Exercise goal
Please copy all of the records exactly, leaving nothing out.

Scraped caption text data
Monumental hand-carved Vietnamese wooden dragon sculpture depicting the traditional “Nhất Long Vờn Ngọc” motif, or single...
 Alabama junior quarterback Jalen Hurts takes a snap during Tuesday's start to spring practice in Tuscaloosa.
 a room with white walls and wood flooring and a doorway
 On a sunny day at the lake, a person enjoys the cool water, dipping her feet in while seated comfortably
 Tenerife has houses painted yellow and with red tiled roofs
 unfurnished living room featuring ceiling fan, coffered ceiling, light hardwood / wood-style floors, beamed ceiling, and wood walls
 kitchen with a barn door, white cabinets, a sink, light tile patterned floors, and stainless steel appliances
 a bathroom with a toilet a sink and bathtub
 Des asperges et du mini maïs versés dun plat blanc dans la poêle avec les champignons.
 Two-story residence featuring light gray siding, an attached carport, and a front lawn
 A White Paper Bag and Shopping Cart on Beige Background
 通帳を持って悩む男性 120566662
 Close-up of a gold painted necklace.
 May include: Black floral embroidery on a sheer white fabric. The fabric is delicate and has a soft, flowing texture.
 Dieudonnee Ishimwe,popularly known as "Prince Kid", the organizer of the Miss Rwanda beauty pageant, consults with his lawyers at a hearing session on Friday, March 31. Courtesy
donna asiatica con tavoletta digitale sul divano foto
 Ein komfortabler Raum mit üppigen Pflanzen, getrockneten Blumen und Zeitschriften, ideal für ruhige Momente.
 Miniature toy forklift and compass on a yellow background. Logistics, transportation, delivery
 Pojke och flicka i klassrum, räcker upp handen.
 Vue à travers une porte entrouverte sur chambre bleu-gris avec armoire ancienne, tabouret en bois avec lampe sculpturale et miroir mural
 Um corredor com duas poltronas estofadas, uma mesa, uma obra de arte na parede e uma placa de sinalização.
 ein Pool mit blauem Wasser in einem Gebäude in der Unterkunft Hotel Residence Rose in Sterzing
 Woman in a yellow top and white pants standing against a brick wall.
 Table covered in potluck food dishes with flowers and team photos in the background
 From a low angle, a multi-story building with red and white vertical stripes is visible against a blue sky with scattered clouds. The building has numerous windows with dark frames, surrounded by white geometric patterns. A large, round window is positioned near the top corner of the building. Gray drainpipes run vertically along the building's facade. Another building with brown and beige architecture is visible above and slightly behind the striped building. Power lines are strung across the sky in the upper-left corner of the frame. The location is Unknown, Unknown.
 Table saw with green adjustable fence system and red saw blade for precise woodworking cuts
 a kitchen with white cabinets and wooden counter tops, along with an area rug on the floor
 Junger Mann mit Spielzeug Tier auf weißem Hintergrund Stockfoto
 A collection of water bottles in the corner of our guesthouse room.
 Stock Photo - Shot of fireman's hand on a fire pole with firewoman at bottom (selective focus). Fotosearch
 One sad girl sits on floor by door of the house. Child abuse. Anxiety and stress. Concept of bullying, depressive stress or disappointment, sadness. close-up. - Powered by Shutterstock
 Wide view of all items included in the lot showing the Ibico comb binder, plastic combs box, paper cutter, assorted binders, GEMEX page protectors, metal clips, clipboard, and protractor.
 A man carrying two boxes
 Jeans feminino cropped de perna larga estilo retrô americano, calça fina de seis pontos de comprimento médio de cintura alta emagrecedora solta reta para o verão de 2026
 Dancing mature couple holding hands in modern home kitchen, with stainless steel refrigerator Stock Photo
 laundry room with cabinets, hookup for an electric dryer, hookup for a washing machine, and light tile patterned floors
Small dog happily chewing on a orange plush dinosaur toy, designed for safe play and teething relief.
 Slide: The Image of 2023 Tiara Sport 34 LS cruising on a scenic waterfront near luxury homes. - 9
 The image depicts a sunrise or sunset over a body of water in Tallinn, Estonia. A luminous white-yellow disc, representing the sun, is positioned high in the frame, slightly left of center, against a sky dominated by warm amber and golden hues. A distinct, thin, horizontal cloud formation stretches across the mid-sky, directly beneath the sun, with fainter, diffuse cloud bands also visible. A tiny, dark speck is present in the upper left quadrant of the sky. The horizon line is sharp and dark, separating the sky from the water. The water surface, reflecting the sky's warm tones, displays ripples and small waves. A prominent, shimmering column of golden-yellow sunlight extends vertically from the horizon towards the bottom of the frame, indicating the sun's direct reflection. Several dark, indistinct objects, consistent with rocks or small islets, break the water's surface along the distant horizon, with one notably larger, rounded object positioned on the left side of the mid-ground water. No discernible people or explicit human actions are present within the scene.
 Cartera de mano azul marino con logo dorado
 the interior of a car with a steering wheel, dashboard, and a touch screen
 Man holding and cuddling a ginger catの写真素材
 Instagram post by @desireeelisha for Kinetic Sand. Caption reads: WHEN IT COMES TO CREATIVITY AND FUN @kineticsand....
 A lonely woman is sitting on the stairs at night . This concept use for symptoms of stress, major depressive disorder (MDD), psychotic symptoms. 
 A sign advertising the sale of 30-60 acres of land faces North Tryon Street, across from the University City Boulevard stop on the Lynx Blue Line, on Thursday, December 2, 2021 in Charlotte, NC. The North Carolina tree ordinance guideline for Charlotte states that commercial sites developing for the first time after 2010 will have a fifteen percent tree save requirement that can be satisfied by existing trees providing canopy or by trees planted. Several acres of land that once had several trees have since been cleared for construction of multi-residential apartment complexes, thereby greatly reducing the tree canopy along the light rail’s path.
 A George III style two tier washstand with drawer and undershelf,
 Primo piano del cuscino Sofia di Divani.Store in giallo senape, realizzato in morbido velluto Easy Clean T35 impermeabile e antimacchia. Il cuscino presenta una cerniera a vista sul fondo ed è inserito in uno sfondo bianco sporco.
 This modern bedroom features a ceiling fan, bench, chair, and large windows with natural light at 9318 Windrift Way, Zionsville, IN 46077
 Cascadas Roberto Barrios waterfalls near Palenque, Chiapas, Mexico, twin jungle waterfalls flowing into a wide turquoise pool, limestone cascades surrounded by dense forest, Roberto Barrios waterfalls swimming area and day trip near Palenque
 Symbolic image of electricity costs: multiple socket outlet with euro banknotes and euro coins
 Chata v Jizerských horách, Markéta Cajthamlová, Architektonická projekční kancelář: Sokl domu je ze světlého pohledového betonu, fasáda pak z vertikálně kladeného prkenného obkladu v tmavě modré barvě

Response to the exercise
Monumental hand-carved Vietnamese wooden dragon sculpture depicting the traditional “Nhất Long Vờn Ngọc” motif, or single...
 Alabama junior quarterback Jalen Hurts takes a snap during Tuesday's start to spring practice in Tuscaloosa.
 a room with white walls and wood flooring and a doorway
 On a sunny day at the lake, a person enjoys the cool water, dipping her feet in while seated comfortably
 Tenerife has houses painted yellow and with red tiled roofs
 unfurnished living room featuring ceiling fan, coffered ceiling, light hardwood / wood-style floors, beamed ceiling, and wood walls
 kitchen with a barn door, white cabinets, a sink, light tile patterned floors, and stainless steel appliances
 a bathroom with a toilet a sink and bathtub
 Des asperges et du mini maïs versés dun plat blanc dans la poêle avec les champignons.
 Two-story residence featuring light gray siding, an attached carport, and a front lawn
 A White Paper Bag and Shopping Cart on Beige Background
 通帳を持って悩む男性 120566662
 Close-up of a gold painted necklace.
 May include: Black floral embroidery on a sheer white fabric. The fabric is delicate and has a soft, flowing texture.
 Dieudonnee Ishimwe,popularly known as "Prince Kid", the organizer of the Miss Rwanda beauty pageant, consults with his lawyers at a hearing session on Friday, March 31. Courtesy
donna asiatica con tavoletta digitale sul divano foto
 Ein komfortabler Raum mit üppigen Pflanzen, getrockneten Blumen und Zeitschriften, ideal für ruhige Momente.
 Miniature toy forklift and compass on a yellow background. Logistics, transportation, delivery
 Pojke och flicka i klassrum, räcker upp handen.
 Vue à travers une porte entrouverte sur chambre bleu-gris avec armoire ancienne, tabouret en bois avec lampe sculpturale et miroir mural
 Um corredor com duas poltronas estofadas, uma mesa, uma obra de arte na parede e uma placa de sinalização.
 ein Pool mit blauem Wasser in einem Gebäude in der Unterkunft Hotel Residence Rose in Sterzing
 Woman in a yellow top and white pants standing against a brick wall.
 Table covered in potluck food dishes with flowers and team photos in the background
 From a low angle, a multi-story building with red and white vertical stripes is visible against a blue sky with scattered clouds. The building has numerous windows with dark frames, surrounded by white geometric patterns. A large, round window is positioned near the top corner of the building. Gray drainpipes run vertically along the building's facade. Another building with brown and beige architecture is visible above and slightly behind the striped building. Power lines are strung across the sky in the upper-left corner of the frame. The location is Unknown, Unknown.
 Table saw with green adjustable fence system and red saw blade for precise woodworking cuts
 a kitchen with white cabinets and wooden counter tops, along with an area rug on the floor
 Junger Mann mit Spielzeug Tier auf weißem Hintergrund Stockfoto
 A collection of water bottles in the corner of our guesthouse room.
 Stock Photo - Shot of fireman's hand on a fire pole with firewoman at bottom (selective focus). Fotosearch
 One sad girl sits on floor by door of the house. Child abuse. Anxiety and stress. Concept of bullying, depressive stress or disappointment, sadness. close-up. - Powered by Shutterstock
 Wide view of all items included in the lot showing the Ibico comb binder, plastic combs box, paper cutter, assorted binders, GEMEX page protectors, metal clips, clipboard, and protractor.
 A man carrying two boxes
 Jeans feminino cropped de perna larga estilo retrô americano, calça fina de seis pontos de comprimento médio de cintura alta emagrecedora solta reta para o verão de 2026
 Dancing mature couple holding hands in modern home kitchen, with stainless steel refrigerator Stock Photo
 laundry room with cabinets, hookup for an electric dryer, hookup for a washing machine, and light tile patterned floors
Small dog happily chewing on a orange plush dinosaur toy, designed for safe play and teething relief.
 Slide: The Image of 2023 Tiara Sport 34 LS cruising on a scenic waterfront near luxury homes. - 9
 The image depicts a sunrise or sunset over a body of water in Tallinn, Estonia. A luminous white-yellow disc, representing the sun, is positioned high in the frame, slightly left of center, against a sky dominated by warm amber and golden hues. A distinct, thin, horizontal cloud formation stretches across the mid-sky, directly beneath the sun, with fainter, diffuse cloud bands also visible. A tiny, dark speck is present in the upper left quadrant of the sky. The horizon line is sharp and dark, separating the sky from the water. The water surface, reflecting the sky's warm tones, displays ripples and small waves. A prominent, shimmering column of golden-yellow sunlight extends vertically from the horizon towards the bottom of the frame, indicating the sun's direct reflection. Several dark, indistinct objects, consistent with rocks or small islets, break the water's surface along the distant horizon, with one notably larger, rounded object positioned on the left side of the mid-ground water. No discernible people or explicit human actions are present within the scene.
 Cartera de mano azul marino con logo dorado
 the interior of a car with a steering wheel, dashboard, and a touch screen
 Man holding and cuddling a ginger catの写真素材
 Instagram post by @desireeelisha for Kinetic Sand. Caption reads: WHEN IT COMES TO CREATIVITY AND FUN @kineticsand....
 A lonely woman is sitting on the stairs at night . This concept use for symptoms of stress, major depressive disorder (MDD), psychotic symptoms. 
 A sign advertising the sale of 30-60 acres of land faces North Tryon Street, across from the University City Boulevard stop on the Lynx Blue Line, on Thursday, December 2, 2021 in Charlotte, NC. The North Carolina tree ordinance guideline for Charlotte states that commercial sites developing for the first time after 2010 will have a fifteen percent tree save requirement that can be satisfied by existing trees providing canopy or by trees planted. Several acres of land that once had several trees have since been cleared for construction of multi-residential apartment complexes, thereby greatly reducing the tree canopy along the light rail’s path.
 A George III style two tier washstand with drawer and undershelf,
 Primo piano del cuscino Sofia di Divani.Store in giallo senape, realizzato in morbido velluto Easy Clean T35 impermeabile e antimacchia. Il cuscino presenta una cerniera a vista sul fondo ed è inserito in uno sfondo bianco sporco.
 This modern bedroom features a ceiling fan, bench, chair, and large windows with natural light at 9318 Windrift Way, Zionsville, IN 46077
 Cascadas Roberto Barrios waterfalls near Palenque, Chiapas, Mexico, twin jungle waterfalls flowing into a wide turquoise pool, limestone cascades surrounded by dense forest, Roberto Barrios waterfalls swimming area and day trip near Palenque
 Symbolic image of electricity costs: multiple socket outlet with euro banknotes and euro coins
 Chata v Jizerských horách, Markéta Cajthamlová, Architektonická projekční kancelář: Sokl domu je ze světlého pohledového betonu, fasáda pak z vertikálně kladeného prkenného obkladu v tmavě modré barvě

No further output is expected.